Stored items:
* * *
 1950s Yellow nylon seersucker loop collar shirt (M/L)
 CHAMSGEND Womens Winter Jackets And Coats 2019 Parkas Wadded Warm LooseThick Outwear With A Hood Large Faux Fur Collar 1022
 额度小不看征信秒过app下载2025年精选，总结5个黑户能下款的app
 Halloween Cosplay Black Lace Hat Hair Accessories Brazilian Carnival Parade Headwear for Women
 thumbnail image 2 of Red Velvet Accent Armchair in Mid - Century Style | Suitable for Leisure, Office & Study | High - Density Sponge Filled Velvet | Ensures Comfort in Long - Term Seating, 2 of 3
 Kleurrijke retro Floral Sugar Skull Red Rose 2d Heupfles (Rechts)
* * *
Work required:
Output all of the data without altering a single line.

Response to the exercise:
 1950s Yellow nylon seersucker loop collar shirt (M/L)
 CHAMSGEND Womens Winter Jackets And Coats 2019 Parkas Wadded Warm LooseThick Outwear With A Hood Large Faux Fur Collar 1022
 额度小不看征信秒过app下载2025年精选，总结5个黑户能下款的app
 Halloween Cosplay Black Lace Hat Hair Accessories Brazilian Carnival Parade Headwear for Women
 thumbnail image 2 of Red Velvet Accent Armchair in Mid - Century Style | Suitable for Leisure, Office & Study | High - Density Sponge Filled Velvet | Ensures Comfort in Long - Term Seating, 2 of 3
 Kleurrijke retro Floral Sugar Skull Red Rose 2d Heupfles (Rechts)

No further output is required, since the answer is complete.